In Fforde's world, the Crimean War that started in the 1850s is still dragging on in the early 2000s, Britain and France use time traveling spies to sabotage each other's histories, cloned dodos are a common pet, and the general public is fanatical about classical literature and live theatrical adaptations thereof, seemingly to the exclusion of almost any other form of entertainment. Instead of football hooligans, you get crowds dressed up like Shakespeare or Milton rioting because they encountered a banned art style like Cubism or Abstract Expressionism, or they witnessed a play that illegally departs from approved interpretations. Those sorts of crimes, plus lots and lots of attempted forgeries, are the things Thursday ordinarily investigates.

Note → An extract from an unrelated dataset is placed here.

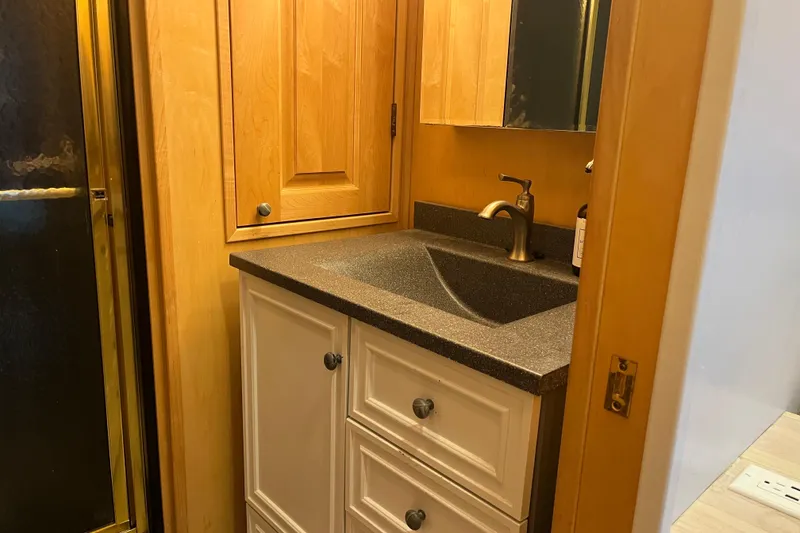 Slide: The Image of Compact bathroom sink with wooden cabinets in a 2005 Majestic Legacy model. - 31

At the start of The Eyre Affair though, Thursday gets a temporary promotion to a division that's trying to arrest super-criminal Archeron Hades, who's bulletproof, invisible on film and security footage, who can dominate men's minds, and who's just stolen the original manuscript of Charles Dickens's Martin Chuzzlewit. The attempted arrest goes badly; Hades overpowers and kills the entire team of investigators, except Thursday, whom he merely injures.
The structure of the plot reminds me of a Bond film - short job, reassignment, meeting with the tech guy, long job. After the massacre, Thursday transfers from London back to her old home town to recuperate. She visits her family, and her genius uncle shows her his latest inventions, including the Prose Portal, his brand new device that will let a person travel inside a book. Later, while Thursday's at work, Hades steals the device, kidnaps her uncle, and announces his plan to extract the character of Martin Chuzzlewit from the manuscript and kill him, unless his ransom demands are met. If you use the portal to enter an ordinary book, you'll only change that one copy, but if you enter an original manuscript, any changes will affect all the other copies that are based on it.
Thursday's uncle manages to sabotage Hades's first plan, but that only prompts him to go after an even bigger prize, the original manuscript of Jane Eyre. Thursday is too late to prevent the theft, or the initial kidnapping, which results in half the book getting erased. But Thursday is able to go into the book to rescue Jane and thwart Hades, which accidentally results in the book getting a new ending, the one it has in reality.
I'm assuming that future Thursday Next mysteries will also involve the Prose Portal and travel into other books. I don't think I'll be continuing though. Fforde's worldbuilding feels like an unsuccessful collage, the smorgasbord of different genre elements never really blending into a coherent whole. I liked Shades of Grey, a later work of Fforde's which is equally wacky, a novel of manners set in a dystopian future where social status is based on the ability to see color. But Fforde's humor in this one didn't really work for me, and the plot felt too unwieldy.
Thursday has a few episodic book-police adventures felt extraneous, although Fforde did give them some connection to the main plot in the end. Her dad is a rogue time traveler who repeatedly stops time to pop in and have a non sequitur chat with her before disappearing. Thursday has a lot of bad memories of her time in the army in Crimea, which relate to a present-day plot about whether Britain will escalate or finally seek peace. And she has a romance plot with her old boyfriend that I think is supposed to parallel Jane and Rochester, but that mostly ends up feeling incredibly rushed and emotionally unrealistic. It's a lot! And to me, it just doesn't work together well enough to make me want to continue.